Personally, I’ve clearly chosen another route with college, for now at least. Amidst my changing course, I am still fascinated by the dance industry, especially at its intersection with the marketing industry since I’m focusing on this here in undergrad at UGA. Bottom line? Marketers understand that people love watching dance, love to dance themselves, and love when a scene is made through dancers. It’s fun, exudes positive energy, and is very intentional. Perhaps more importantly, dance in marketing spots on TV, social, etc. simply makes for content that grabs people’s attention. Some of the most brilliant marketing campaigns have been centered around dance, and I’ve highlighted a few that I find particularly interesting.

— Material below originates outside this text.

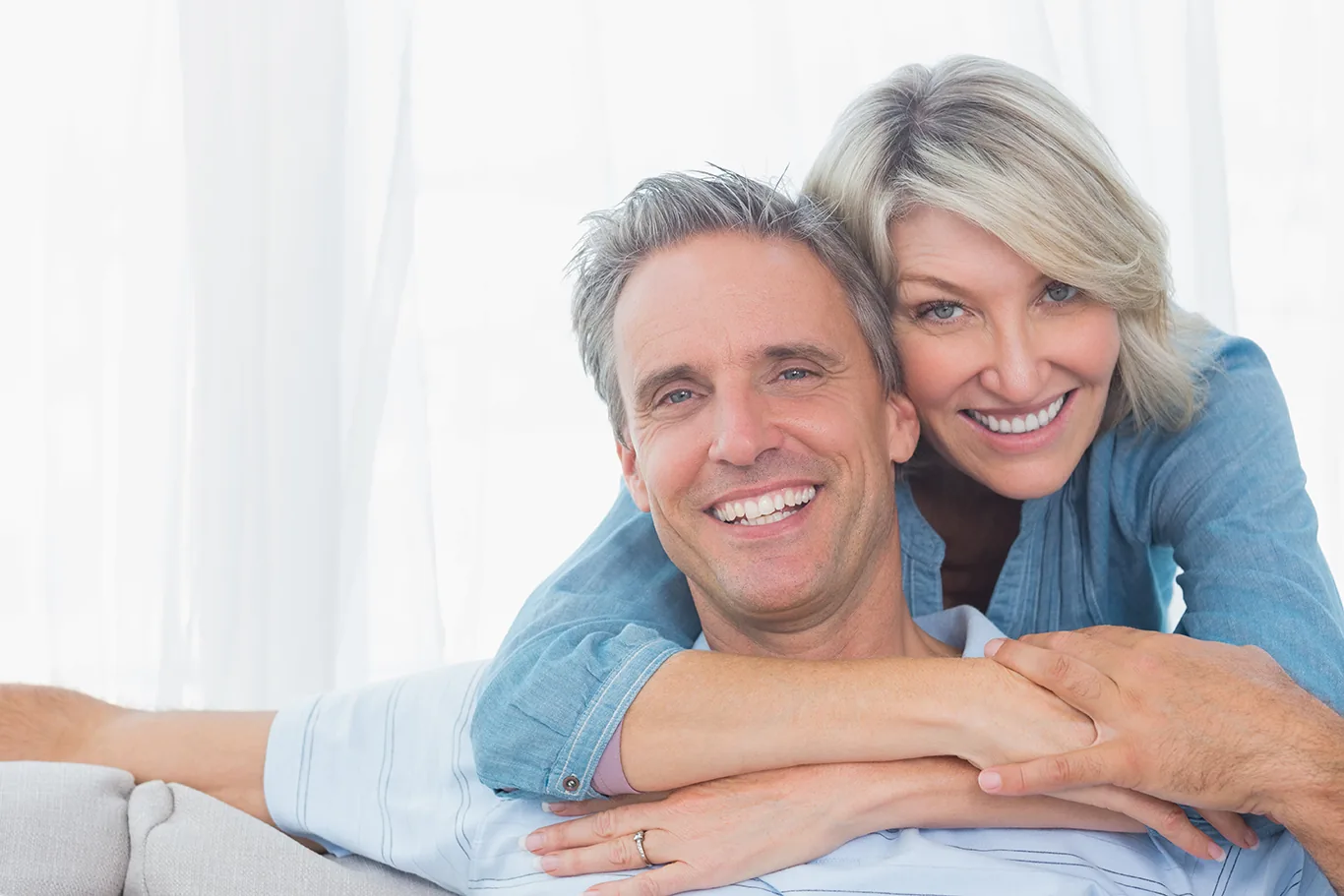 Couple with silver hair relaxing at home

These provide relevant, exciting content that really matters and stirs the emotional response of target audiences.

1. Heineken “Dance More, Drink Slow” Campaign
– Heineken has a previously sports based marketing portfolio.
-This represents the transition to a more social, club scene target audience.

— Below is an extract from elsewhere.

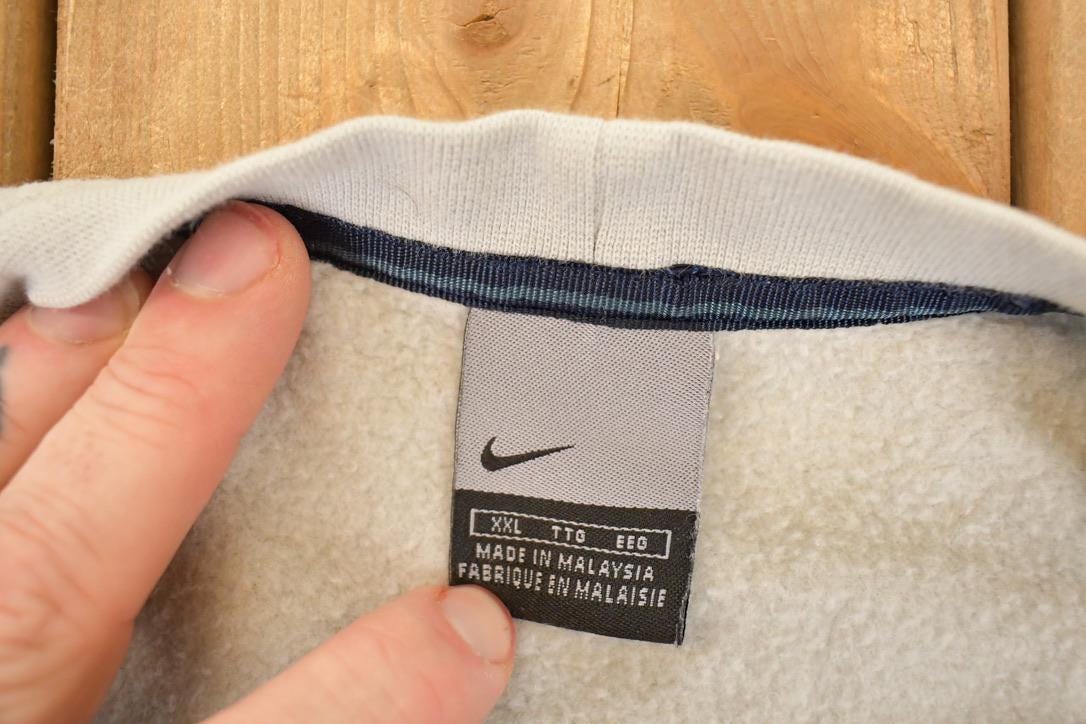 Vintage Y2K Nike Embroidered Mini Swoosh Sweatshirt Men's XL from propervintagecanada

2. Coca-Cola “Just Dance Now” Campaign
-Les Twins dance off: how could content get more exciting? Les Twins are the commercial dance kings. Beyonce decided she loved them because of their insane talent, and she hired them to dance with her and her only on stage. Instant fame. Now their marketing tools to the team at Coca-Cola because they have such a following.
-This marked launch of movement through happiness
-push towards healthier living.

3. T-Mobile Liverpool Flash Mob
-Overall, a push to create a stronger brand presence in front of a train station. Getting regular people involved and inviting them for a mid-day dance break? Winner winner.

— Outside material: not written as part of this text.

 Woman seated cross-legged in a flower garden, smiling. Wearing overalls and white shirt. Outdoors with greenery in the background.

4. Pepsi’s “The Joy of Dance” Superbowl Spot
-Featuring Janelle Monae, this ad shows Monae walking through several scene rooms through time while holding a Pepsi until she steps into the present. The Superbowl halftime sponsor clearly utilizes the excitement that dance brings to an atmosphere to push their product.

5. Music Videos!
-Ciara “Dance like We’re Making Love” –> Beats Headphones heavily emphasized.
-Nicki Minaj “Anaconda” video–> Nicki and her dancers all wear Air Jordan shoes.
-iPhones… they’re in every music video it seems. Better luck next time, Android.
-Mayonaisse? Lady Gaga wins most unique product placement.


6. Lexus: “A Stronger Body for Greater Control” 

-The commercial spot features the poised and (ridiculously) strong Tamara Rojo, director of the English National Ballet.